[Short descriptive text snippets]
★ ★ ★ ★ ★ ★ ★

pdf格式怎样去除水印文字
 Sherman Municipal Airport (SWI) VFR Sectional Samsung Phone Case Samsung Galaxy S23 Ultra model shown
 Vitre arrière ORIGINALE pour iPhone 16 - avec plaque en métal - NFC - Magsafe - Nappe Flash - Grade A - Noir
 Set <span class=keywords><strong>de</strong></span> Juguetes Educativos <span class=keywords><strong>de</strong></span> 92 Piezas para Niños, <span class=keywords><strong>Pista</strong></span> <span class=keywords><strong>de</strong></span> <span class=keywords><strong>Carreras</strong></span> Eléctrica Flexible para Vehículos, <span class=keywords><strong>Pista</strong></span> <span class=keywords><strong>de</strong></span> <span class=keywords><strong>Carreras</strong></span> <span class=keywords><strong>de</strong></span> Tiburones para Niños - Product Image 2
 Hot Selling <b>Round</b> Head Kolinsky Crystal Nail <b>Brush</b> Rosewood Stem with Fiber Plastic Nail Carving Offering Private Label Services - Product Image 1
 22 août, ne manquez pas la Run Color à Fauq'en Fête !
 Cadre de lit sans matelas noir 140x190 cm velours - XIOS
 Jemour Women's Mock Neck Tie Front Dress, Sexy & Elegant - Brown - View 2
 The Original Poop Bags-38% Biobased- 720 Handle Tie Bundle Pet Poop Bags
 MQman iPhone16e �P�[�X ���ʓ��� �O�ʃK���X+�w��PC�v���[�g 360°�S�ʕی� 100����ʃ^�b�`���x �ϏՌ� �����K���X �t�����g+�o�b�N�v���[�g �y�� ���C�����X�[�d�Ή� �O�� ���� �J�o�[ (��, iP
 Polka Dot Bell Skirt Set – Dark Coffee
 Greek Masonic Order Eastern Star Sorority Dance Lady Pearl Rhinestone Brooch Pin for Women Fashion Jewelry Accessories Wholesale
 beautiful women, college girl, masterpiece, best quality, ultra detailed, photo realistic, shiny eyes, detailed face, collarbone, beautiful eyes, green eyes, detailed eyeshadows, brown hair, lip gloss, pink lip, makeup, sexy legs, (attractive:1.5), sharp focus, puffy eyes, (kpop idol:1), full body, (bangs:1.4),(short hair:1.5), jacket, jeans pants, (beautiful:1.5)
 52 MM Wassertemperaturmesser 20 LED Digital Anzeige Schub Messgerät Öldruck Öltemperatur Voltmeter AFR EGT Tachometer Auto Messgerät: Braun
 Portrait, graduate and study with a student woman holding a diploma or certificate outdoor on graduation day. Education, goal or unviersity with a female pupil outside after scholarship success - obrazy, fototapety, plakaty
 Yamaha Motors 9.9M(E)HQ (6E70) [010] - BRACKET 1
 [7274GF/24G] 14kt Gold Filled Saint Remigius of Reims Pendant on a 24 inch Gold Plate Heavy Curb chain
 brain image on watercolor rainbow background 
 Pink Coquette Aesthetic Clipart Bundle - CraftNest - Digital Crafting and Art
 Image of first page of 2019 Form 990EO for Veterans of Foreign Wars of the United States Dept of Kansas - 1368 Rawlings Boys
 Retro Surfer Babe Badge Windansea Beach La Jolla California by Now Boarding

★ ★ ★ ★ ★ ★ ★

WORK REQUIRED - Every line of the entries that includes "Digital" must be copied into the answer.

ANSWER SPACE -
 52 MM Wassertemperaturmesser 20 LED Digital Anzeige Schub Messgerät Öldruck Öltemperatur Voltmeter AFR EGT Tachometer Auto Messgerät: Braun
 Pink Coquette Aesthetic Clipart Bundle - CraftNest - Digital Crafting and Art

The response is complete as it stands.